Assigned task →
Of the lines listed below, return exactly those that run from the line containing "中国唯一的山峰,中国三大神山是哪三个山脉" through the line containing "沼泽如烟--第1001场 埃塞俄比亚", both included.

Recorded data →
:::
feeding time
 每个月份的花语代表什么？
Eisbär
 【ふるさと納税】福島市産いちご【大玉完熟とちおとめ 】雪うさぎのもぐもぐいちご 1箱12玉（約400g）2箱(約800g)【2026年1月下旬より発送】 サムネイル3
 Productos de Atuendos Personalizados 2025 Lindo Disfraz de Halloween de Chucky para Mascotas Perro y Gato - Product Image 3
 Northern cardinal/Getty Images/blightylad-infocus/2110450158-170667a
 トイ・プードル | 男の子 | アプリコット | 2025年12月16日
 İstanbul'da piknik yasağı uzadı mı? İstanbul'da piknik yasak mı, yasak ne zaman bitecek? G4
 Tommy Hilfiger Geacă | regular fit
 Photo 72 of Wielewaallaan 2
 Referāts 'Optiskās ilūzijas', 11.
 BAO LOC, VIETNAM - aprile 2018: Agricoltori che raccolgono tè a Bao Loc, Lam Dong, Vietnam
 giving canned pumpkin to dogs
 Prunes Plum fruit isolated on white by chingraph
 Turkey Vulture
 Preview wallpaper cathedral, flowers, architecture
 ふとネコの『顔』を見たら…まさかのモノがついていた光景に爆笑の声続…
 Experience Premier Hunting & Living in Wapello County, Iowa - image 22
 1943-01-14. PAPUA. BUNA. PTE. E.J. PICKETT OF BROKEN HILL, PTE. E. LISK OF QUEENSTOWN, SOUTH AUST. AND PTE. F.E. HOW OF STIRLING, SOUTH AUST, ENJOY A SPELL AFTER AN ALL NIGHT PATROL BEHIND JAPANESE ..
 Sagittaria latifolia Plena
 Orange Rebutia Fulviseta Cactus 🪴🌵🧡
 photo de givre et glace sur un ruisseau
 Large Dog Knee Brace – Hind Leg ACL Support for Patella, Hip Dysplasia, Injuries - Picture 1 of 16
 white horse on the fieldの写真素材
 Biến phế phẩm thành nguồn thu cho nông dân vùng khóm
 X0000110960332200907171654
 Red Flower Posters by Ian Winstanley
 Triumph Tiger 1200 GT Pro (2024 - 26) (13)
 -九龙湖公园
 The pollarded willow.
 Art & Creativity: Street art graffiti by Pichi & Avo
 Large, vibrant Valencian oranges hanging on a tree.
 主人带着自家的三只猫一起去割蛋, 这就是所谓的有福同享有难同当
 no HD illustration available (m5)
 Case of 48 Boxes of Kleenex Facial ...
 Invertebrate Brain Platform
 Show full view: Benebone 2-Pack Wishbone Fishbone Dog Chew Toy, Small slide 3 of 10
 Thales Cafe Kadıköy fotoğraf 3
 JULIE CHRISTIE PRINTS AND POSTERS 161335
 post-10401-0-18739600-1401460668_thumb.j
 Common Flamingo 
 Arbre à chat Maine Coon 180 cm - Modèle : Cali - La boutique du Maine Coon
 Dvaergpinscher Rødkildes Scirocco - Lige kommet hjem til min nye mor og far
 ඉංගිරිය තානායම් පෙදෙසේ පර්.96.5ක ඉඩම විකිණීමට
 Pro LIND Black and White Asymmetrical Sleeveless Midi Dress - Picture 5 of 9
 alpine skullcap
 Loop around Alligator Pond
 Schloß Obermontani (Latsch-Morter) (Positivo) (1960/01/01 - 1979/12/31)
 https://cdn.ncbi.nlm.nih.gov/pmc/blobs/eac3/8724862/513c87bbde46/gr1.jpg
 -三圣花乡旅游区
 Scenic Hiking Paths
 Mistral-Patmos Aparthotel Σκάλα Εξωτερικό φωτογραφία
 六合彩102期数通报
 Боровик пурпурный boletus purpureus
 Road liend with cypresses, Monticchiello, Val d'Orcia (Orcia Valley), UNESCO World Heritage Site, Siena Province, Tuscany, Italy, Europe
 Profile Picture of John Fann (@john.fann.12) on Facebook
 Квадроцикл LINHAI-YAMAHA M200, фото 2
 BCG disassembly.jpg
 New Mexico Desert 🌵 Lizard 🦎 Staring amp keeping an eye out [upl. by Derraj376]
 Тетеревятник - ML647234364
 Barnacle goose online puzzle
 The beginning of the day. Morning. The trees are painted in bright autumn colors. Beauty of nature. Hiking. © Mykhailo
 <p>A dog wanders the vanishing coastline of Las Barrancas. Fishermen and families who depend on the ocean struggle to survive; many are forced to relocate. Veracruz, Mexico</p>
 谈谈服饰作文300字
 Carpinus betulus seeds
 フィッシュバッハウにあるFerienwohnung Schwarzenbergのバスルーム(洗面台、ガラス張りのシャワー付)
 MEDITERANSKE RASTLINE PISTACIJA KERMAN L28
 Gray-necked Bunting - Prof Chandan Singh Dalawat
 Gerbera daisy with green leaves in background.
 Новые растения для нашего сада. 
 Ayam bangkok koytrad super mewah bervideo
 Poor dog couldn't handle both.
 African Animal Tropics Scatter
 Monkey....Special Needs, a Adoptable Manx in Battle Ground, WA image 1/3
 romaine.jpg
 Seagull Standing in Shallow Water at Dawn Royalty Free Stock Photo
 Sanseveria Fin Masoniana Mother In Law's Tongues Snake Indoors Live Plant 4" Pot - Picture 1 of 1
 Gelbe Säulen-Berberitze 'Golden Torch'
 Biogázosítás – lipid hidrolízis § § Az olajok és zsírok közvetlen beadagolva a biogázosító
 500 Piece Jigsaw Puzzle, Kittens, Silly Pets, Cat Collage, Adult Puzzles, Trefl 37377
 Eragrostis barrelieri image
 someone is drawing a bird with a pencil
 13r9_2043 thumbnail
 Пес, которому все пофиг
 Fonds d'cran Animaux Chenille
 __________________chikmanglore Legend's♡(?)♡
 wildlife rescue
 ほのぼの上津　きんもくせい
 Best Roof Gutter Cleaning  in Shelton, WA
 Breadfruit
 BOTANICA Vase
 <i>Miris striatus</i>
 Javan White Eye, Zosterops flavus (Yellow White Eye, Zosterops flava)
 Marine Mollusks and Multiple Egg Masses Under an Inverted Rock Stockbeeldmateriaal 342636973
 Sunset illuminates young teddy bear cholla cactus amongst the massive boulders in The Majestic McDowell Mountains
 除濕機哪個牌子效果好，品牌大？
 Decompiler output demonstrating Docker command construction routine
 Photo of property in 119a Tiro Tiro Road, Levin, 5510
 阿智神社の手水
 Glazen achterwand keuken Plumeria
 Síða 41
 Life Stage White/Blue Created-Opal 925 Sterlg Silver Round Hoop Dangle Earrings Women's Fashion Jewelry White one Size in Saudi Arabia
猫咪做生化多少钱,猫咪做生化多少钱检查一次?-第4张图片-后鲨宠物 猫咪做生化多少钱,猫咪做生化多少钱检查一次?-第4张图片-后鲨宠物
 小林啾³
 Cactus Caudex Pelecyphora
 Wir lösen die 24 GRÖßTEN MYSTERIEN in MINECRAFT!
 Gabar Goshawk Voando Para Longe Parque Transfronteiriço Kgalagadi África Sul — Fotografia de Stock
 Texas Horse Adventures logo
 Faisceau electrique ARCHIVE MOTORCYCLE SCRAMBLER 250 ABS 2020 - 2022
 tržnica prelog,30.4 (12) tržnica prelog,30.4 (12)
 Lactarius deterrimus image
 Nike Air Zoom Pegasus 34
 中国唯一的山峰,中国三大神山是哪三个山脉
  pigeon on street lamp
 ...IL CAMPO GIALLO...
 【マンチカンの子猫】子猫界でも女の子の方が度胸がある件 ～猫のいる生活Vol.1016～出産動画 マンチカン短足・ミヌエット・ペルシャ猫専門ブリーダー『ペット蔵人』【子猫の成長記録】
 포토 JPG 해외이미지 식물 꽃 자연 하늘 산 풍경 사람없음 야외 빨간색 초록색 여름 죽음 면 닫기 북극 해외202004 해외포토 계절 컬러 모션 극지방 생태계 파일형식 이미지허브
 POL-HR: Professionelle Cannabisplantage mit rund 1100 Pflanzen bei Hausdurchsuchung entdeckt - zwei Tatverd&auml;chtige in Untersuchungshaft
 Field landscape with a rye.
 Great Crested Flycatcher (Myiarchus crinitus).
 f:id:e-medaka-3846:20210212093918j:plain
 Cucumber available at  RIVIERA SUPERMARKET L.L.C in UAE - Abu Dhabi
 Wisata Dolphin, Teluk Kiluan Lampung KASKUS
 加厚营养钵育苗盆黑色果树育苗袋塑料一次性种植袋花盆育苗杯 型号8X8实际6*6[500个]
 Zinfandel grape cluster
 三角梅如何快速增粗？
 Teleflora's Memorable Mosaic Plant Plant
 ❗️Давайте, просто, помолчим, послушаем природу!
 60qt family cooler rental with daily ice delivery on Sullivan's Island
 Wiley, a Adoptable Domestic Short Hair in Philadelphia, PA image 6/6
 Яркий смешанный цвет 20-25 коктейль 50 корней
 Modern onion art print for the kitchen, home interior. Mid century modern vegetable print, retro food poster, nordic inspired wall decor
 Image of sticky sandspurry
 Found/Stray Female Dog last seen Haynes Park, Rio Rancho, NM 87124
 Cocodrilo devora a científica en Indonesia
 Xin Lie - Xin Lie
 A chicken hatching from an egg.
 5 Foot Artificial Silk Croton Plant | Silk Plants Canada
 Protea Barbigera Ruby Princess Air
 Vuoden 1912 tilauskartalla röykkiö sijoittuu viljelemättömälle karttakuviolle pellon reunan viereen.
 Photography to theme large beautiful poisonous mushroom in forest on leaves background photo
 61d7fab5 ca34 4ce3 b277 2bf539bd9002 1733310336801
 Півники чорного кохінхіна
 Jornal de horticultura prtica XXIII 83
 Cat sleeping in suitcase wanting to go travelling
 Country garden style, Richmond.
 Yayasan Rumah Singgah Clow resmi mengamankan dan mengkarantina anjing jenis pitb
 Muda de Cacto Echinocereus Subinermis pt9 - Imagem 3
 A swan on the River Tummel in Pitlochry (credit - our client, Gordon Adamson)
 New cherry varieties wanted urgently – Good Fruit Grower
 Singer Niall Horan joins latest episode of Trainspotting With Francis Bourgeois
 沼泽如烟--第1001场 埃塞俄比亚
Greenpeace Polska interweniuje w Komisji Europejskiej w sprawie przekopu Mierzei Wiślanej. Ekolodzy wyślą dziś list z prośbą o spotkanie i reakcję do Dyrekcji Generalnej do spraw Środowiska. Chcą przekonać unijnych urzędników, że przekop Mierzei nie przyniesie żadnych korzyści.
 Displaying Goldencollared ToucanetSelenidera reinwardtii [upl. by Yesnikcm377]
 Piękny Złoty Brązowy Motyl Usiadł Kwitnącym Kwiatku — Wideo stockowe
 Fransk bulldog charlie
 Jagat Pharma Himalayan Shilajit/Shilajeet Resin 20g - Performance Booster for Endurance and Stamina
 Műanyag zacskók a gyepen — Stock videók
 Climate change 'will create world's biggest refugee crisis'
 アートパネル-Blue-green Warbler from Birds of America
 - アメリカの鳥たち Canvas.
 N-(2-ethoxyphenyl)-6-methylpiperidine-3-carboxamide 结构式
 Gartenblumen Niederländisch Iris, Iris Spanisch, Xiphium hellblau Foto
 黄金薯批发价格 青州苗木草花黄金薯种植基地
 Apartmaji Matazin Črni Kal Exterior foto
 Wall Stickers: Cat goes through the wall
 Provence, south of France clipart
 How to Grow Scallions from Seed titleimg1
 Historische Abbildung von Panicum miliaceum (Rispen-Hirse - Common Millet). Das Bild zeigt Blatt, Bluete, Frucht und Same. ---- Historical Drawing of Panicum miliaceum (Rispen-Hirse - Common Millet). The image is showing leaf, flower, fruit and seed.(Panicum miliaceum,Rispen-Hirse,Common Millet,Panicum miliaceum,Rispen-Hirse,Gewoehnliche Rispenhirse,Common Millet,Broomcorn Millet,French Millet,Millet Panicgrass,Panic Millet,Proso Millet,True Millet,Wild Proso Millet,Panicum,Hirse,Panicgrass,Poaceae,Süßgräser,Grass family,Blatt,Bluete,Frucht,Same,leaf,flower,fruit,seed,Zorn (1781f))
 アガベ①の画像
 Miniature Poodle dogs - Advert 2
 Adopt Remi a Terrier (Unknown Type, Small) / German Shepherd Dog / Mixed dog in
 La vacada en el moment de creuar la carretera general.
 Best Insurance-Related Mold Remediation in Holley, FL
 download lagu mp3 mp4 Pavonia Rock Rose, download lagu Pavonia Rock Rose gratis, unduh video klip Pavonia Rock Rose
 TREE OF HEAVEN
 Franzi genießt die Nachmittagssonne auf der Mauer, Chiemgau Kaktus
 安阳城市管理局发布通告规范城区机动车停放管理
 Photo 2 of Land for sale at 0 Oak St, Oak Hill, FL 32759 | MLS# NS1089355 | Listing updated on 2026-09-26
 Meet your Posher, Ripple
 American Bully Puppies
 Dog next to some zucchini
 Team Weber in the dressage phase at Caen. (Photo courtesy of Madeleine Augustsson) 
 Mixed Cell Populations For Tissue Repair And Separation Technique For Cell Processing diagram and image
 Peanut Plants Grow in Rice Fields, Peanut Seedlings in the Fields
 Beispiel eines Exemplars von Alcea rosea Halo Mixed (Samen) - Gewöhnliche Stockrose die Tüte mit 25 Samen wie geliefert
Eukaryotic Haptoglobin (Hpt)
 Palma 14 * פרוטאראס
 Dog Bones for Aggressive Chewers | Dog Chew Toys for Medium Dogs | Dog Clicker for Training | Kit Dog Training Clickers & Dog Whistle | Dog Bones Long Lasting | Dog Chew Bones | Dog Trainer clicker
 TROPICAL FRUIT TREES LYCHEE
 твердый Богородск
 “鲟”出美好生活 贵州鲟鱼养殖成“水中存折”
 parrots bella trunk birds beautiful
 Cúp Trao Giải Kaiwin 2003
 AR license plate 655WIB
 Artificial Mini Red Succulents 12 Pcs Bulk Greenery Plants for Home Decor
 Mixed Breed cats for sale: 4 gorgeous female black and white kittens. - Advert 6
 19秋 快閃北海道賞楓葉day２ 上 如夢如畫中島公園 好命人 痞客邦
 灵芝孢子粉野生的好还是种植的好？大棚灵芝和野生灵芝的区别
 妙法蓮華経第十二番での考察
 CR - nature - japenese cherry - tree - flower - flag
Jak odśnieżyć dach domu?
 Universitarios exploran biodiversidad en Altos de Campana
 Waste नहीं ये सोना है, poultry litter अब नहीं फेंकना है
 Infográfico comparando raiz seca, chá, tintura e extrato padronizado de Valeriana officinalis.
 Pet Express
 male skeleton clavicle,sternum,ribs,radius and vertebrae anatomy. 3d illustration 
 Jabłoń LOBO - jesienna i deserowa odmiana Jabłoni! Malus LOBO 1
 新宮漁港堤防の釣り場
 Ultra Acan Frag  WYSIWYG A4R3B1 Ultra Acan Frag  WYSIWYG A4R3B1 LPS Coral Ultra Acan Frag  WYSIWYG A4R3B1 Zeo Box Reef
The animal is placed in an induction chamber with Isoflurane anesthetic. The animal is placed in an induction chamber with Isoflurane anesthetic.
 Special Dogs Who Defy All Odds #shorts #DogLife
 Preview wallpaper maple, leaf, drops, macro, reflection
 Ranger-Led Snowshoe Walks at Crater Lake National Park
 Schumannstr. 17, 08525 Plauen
:::
Answer for the task →
 中国唯一的山峰,中国三大神山是哪三个山脉
  pigeon on street lamp
 ...IL CAMPO GIALLO...
 【マンチカンの子猫】子猫界でも女の子の方が度胸がある件 ～猫のいる生活Vol.1016～出産動画 マンチカン短足・ミヌエット・ペルシャ猫専門ブリーダー『ペット蔵人』【子猫の成長記録】
 포토 JPG 해외이미지 식물 꽃 자연 하늘 산 풍경 사람없음 야외 빨간색 초록색 여름 죽음 면 닫기 북극 해외202004 해외포토 계절 컬러 모션 극지방 생태계 파일형식 이미지허브
 POL-HR: Professionelle Cannabisplantage mit rund 1100 Pflanzen bei Hausdurchsuchung entdeckt - zwei Tatverd&auml;chtige in Untersuchungshaft
 Field landscape with a rye.
 Great Crested Flycatcher (Myiarchus crinitus).
 f:id:e-medaka-3846:20210212093918j:plain
 Cucumber available at  RIVIERA SUPERMARKET L.L.C in UAE - Abu Dhabi
 Wisata Dolphin, Teluk Kiluan Lampung KASKUS
 加厚营养钵育苗盆黑色果树育苗袋塑料一次性种植袋花盆育苗杯 型号8X8实际6*6[500个]
 Zinfandel grape cluster
 三角梅如何快速增粗？
 Teleflora's Memorable Mosaic Plant Plant
 ❗️Давайте, просто, помолчим, послушаем природу!
 60qt family cooler rental with daily ice delivery on Sullivan's Island
 Wiley, a Adoptable Domestic Short Hair in Philadelphia, PA image 6/6
 Яркий смешанный цвет 20-25 коктейль 50 корней
 Modern onion art print for the kitchen, home interior. Mid century modern vegetable print, retro food poster, nordic inspired wall decor
 Image of sticky sandspurry
 Found/Stray Female Dog last seen Haynes Park, Rio Rancho, NM 87124
 Cocodrilo devora a científica en Indonesia
 Xin Lie - Xin Lie
 A chicken hatching from an egg.
 5 Foot Artificial Silk Croton Plant | Silk Plants Canada
 Protea Barbigera Ruby Princess Air
 Vuoden 1912 tilauskartalla röykkiö sijoittuu viljelemättömälle karttakuviolle pellon reunan viereen.
 Photography to theme large beautiful poisonous mushroom in forest on leaves background photo
 61d7fab5 ca34 4ce3 b277 2bf539bd9002 1733310336801
 Півники чорного кохінхіна
 Jornal de horticultura prtica XXIII 83
 Cat sleeping in suitcase wanting to go travelling
 Country garden style, Richmond.
 Yayasan Rumah Singgah Clow resmi mengamankan dan mengkarantina anjing jenis pitb
 Muda de Cacto Echinocereus Subinermis pt9 - Imagem 3
 A swan on the River Tummel in Pitlochry (credit - our client, Gordon Adamson)
 New cherry varieties wanted urgently – Good Fruit Grower
 Singer Niall Horan joins latest episode of Trainspotting With Francis Bourgeois
 沼泽如烟--第1001场 埃塞俄比亚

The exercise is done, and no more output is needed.